§ **PROVIDED MATERIAL**

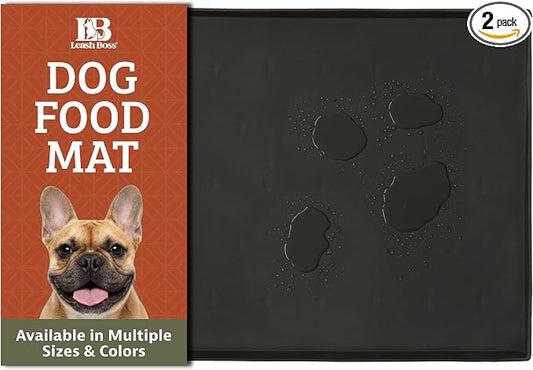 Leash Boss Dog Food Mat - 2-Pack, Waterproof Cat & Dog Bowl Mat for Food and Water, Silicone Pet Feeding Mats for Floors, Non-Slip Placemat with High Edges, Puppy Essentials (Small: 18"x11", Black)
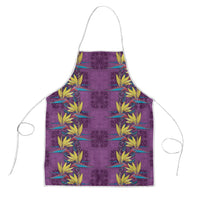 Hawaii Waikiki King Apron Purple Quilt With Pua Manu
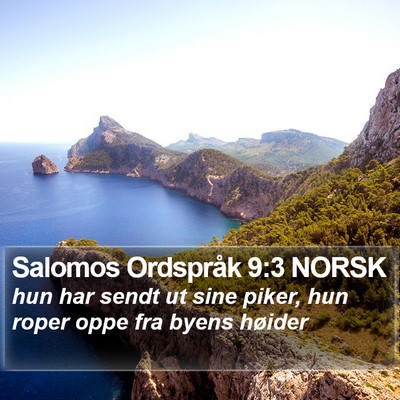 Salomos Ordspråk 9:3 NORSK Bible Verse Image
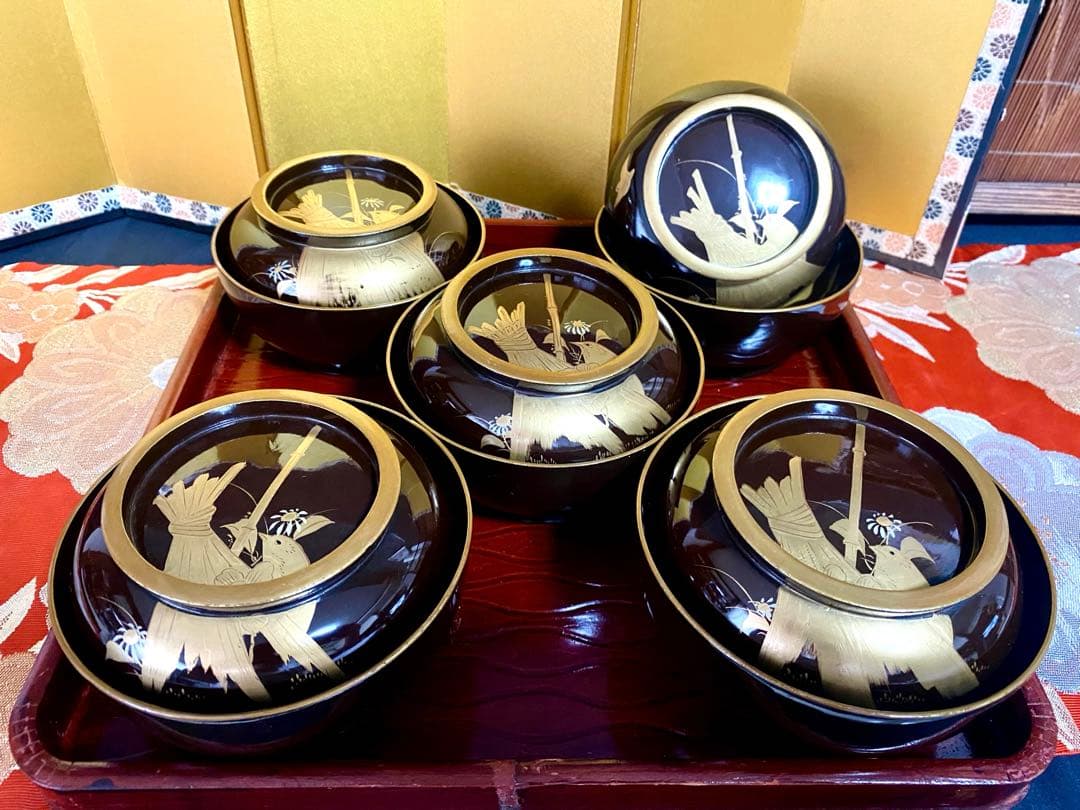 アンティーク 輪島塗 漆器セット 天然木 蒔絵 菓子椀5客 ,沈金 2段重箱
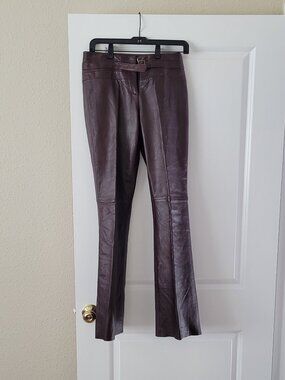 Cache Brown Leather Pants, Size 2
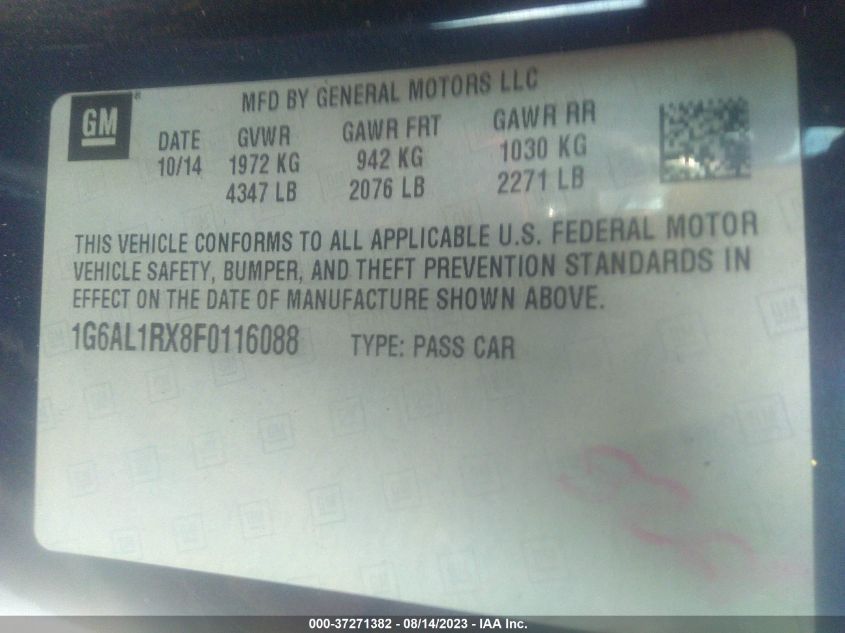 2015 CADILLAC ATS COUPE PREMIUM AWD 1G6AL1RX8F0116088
* * *
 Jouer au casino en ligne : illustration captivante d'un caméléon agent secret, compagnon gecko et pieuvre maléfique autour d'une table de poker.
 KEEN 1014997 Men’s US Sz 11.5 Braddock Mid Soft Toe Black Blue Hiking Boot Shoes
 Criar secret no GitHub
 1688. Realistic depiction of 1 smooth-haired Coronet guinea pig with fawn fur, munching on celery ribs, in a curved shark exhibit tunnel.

§ **WHAT NEEDS TO BE DONE**
Extract the part of the records that opens with the line containing "Salomos Ordspråk 9:3 NORSK Bible Verse Image" and closes with the line containing "2015 CADILLAC ATS". Take only those lines, exactly, and no pictures.

§ **RESULT OF THIS EXERCISE**
 Salomos Ordspråk 9:3 NORSK Bible Verse Image
 アンティーク 輪島塗 漆器セット 天然木 蒔絵 菓子椀5客 ,沈金 2段重箱
 Cache Brown Leather Pants, Size 2
 2015 CADILLAC ATS COUPE PREMIUM AWD 1G6AL1RX8F0116088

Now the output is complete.